**Problem description**
Print the lines of the data, starting with the first, up to and including the line where "Twee witte flessen" appears.

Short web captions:
= = = = =

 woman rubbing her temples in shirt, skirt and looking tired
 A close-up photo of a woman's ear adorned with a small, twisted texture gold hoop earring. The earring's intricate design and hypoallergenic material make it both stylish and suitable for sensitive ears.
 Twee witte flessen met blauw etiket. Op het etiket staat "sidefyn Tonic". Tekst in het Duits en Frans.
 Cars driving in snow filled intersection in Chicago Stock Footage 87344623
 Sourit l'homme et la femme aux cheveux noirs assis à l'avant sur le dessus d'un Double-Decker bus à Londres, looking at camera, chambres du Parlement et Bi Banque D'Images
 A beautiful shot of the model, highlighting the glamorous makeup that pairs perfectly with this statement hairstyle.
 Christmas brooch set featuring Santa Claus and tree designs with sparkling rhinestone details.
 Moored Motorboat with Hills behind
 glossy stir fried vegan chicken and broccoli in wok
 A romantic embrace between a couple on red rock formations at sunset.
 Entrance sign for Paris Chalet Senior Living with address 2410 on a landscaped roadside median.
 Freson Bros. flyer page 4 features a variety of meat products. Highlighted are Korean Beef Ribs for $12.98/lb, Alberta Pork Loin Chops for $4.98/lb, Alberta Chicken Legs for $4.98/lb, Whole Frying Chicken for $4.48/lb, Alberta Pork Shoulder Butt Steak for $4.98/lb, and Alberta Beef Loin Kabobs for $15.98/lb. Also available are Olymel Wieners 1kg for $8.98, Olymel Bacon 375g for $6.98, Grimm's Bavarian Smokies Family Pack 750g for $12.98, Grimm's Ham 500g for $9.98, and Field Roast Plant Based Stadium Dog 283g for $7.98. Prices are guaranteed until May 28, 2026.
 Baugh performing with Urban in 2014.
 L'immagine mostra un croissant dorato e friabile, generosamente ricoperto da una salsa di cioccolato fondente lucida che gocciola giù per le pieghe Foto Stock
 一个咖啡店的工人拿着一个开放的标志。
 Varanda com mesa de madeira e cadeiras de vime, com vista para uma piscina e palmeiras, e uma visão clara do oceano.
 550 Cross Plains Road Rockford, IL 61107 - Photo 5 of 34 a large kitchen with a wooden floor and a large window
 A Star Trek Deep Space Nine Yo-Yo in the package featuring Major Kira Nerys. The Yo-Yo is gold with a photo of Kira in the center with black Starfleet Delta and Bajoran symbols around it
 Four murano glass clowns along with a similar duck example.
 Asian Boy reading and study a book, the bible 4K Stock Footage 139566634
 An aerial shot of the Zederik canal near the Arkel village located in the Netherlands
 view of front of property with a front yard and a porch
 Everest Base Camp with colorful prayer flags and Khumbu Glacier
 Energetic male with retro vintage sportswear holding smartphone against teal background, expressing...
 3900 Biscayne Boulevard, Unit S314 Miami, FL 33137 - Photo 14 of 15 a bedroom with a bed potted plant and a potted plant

= = = = =

**Your response**
 woman rubbing her temples in shirt, skirt and looking tired
 A close-up photo of a woman's ear adorned with a small, twisted texture gold hoop earring. The earring's intricate design and hypoallergenic material make it both stylish and suitable for sensitive ears.
 Twee witte flessen met blauw etiket. Op het etiket staat "sidefyn Tonic". Tekst in het Duits en Frans.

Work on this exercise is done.